気にしてないと怖いPM2.5の事

基準値ってあてになるの

【 2014/06/18 】

PM2.5という言葉を知らない人は少ないのではないでしょうか。しかしPM2.5とはどんなものであるのかまで知っている人は少ないと思います。空気中には様々な大きさの粒子状物質が浮遊していますが、その空気動力学的粒径が50%カットされる分粒装置によって分離された粒子のことを指しています。日本ではPMという環境基準を制定しておりますが、これは空気動力学特性が10㎛以下についての基準値です。人が普通に鼻で呼吸をしたときに10㎛以上の粒子は鼻腔内で止まり、それより先の気管や肺までは到達しないことからできた基準で100㎍/㎥以下であれば健康への影響はないと考えられていました。

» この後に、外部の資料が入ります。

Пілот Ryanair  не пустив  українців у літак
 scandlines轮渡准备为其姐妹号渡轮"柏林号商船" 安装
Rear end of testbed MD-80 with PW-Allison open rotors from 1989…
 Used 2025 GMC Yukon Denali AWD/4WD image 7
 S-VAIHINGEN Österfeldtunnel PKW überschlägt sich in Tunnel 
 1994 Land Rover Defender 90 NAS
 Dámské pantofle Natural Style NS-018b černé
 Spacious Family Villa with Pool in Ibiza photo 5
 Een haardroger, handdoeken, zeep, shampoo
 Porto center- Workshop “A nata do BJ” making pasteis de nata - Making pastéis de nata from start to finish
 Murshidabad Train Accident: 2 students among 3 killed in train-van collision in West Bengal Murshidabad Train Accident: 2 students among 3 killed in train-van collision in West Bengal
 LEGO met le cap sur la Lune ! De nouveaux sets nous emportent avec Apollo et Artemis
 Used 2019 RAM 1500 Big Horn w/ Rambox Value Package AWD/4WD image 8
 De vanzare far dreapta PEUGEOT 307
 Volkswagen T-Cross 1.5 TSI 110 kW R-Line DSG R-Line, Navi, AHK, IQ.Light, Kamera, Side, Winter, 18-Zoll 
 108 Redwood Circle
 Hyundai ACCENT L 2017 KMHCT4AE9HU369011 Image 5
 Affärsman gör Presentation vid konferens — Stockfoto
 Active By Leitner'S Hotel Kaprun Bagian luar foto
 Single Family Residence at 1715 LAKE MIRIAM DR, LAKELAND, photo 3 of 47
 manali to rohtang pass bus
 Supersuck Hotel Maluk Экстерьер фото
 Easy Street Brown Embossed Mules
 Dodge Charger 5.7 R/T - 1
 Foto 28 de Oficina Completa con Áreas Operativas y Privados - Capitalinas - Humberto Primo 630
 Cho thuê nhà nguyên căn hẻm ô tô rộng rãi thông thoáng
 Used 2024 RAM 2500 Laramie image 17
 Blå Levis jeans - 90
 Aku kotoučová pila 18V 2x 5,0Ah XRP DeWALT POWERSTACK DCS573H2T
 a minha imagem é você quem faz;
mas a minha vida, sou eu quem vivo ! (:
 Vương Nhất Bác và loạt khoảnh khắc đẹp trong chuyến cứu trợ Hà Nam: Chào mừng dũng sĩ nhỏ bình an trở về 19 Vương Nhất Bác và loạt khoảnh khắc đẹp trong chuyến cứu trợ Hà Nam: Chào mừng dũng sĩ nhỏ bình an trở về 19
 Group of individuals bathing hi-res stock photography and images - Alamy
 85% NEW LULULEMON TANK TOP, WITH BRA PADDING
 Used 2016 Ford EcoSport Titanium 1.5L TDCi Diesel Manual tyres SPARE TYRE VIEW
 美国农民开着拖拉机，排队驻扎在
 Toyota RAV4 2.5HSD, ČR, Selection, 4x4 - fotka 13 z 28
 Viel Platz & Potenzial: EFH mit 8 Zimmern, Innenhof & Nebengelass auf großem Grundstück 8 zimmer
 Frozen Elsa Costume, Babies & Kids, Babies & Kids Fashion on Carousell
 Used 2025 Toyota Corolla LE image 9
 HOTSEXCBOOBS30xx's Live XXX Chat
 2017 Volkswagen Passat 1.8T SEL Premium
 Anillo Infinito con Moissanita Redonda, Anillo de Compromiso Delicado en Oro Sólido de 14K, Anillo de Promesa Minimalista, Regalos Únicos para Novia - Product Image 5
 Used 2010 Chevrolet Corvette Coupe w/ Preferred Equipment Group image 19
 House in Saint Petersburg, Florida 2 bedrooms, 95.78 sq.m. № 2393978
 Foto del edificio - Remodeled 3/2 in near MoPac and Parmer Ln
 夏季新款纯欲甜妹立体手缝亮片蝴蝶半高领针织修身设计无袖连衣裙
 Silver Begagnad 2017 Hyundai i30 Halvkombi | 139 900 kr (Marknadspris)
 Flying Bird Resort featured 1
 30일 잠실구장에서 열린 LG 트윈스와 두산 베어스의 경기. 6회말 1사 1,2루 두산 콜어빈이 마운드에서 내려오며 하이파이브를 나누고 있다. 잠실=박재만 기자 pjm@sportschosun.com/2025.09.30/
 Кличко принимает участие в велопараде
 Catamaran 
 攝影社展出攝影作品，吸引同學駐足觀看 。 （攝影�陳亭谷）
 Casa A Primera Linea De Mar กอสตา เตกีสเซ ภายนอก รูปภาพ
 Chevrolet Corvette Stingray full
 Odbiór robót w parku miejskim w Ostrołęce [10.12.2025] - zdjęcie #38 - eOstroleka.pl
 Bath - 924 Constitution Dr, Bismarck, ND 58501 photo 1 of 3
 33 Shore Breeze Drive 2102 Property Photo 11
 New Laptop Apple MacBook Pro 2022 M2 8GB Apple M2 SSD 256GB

しかしハーバード大学が出した6都市調査という論文は衝撃的な結果を示し、環境の大きく異なる米国の6都市においてPM2.5と死亡数との関連性で10数㎍/㎥をから100㎍/㎥の間良好な相関性が確認されたことです。これは専門家が持っていた常識を覆すものでした。本題の基準値って当てになるのですが、この設定根拠はこの論文をベースにしており、WHOと日本の基準値は異なっています。また成分、粒子数の方が指標として良のではという指摘もあります。PM2.5は本来は24時間の平均濃度がベースなのですが日本ではⅠ時間値を要求しており、これに対応した測定法には多くの改良が必要で測定精度はあまり良くありません。もっと科学的根拠の究明が必要です。